Collected data entries →
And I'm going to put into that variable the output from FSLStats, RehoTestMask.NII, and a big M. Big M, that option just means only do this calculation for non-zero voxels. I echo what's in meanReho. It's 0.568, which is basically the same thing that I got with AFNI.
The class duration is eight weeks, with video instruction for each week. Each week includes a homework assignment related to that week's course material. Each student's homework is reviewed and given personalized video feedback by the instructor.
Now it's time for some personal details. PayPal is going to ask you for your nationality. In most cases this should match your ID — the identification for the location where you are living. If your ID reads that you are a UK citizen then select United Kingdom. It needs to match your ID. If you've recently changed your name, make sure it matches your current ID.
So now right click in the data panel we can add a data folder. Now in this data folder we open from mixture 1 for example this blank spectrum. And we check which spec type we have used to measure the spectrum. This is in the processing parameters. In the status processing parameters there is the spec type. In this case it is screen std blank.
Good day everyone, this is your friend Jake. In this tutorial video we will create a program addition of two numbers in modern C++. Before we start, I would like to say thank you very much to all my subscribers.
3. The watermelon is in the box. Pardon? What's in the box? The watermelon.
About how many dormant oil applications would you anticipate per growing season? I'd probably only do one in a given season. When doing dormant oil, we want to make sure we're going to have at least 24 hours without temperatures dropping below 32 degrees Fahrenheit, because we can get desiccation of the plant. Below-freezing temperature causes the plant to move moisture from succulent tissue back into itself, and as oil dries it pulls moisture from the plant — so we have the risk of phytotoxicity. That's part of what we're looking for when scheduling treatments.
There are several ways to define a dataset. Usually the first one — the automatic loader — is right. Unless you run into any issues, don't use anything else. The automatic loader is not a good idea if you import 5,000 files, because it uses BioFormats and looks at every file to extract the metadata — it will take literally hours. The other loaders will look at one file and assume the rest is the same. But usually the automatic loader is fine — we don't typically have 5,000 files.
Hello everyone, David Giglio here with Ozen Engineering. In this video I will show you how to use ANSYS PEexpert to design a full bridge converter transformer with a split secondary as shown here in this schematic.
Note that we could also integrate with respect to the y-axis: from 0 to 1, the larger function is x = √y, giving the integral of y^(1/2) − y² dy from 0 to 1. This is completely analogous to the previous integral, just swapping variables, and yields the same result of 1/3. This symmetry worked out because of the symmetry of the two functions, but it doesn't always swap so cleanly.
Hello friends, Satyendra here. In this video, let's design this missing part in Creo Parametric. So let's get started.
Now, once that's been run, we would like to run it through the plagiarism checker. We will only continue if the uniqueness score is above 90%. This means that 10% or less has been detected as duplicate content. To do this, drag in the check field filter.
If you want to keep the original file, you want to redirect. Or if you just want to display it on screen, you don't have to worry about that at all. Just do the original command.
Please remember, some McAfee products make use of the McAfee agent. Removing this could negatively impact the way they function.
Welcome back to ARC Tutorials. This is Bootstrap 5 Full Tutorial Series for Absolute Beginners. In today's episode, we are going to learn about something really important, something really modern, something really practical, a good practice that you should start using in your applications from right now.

EXERCISE DESCRIPTION → Tell how many lines of the entries above include "means". The answer should be the number and nothing more.

COMPLETED EXERCISE → 2